● **WORK TO COMPLETE**: Leave the pictures in the listing below aside and reproduce exactly the lines starting with the one with "Hamilton Beach Melitta" and going on through the one with "pol_pl_Czerwona-bluza-z-aplikacja-Darla-364059_5", both ends included.

● **INFORMATION SUPPLIED**:
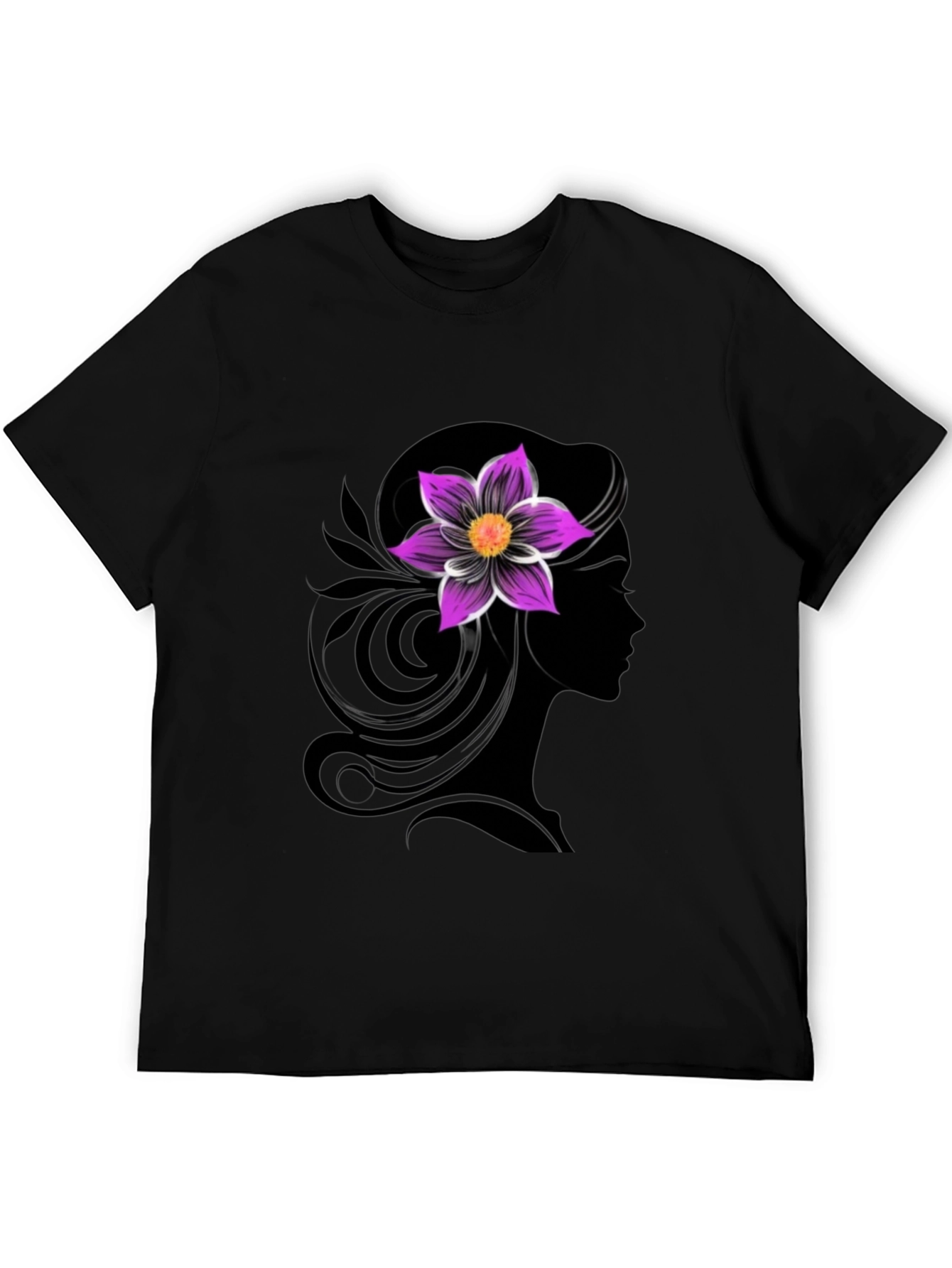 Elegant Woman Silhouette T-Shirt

==

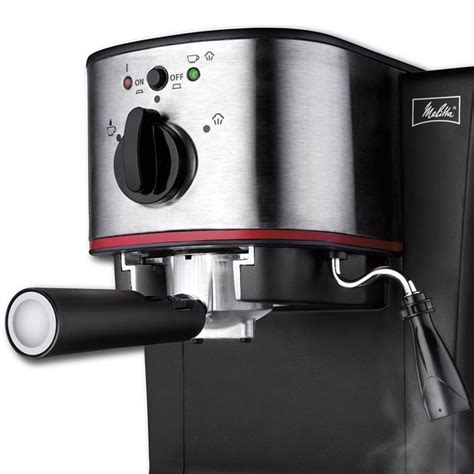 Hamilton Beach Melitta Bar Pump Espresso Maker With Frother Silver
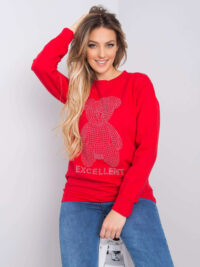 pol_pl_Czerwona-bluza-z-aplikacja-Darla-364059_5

● **REPLY TO THE EXERCISE**:
 Hamilton Beach Melitta Bar Pump Espresso Maker With Frother Silver
 pol_pl_Czerwona-bluza-z-aplikacja-Darla-364059_5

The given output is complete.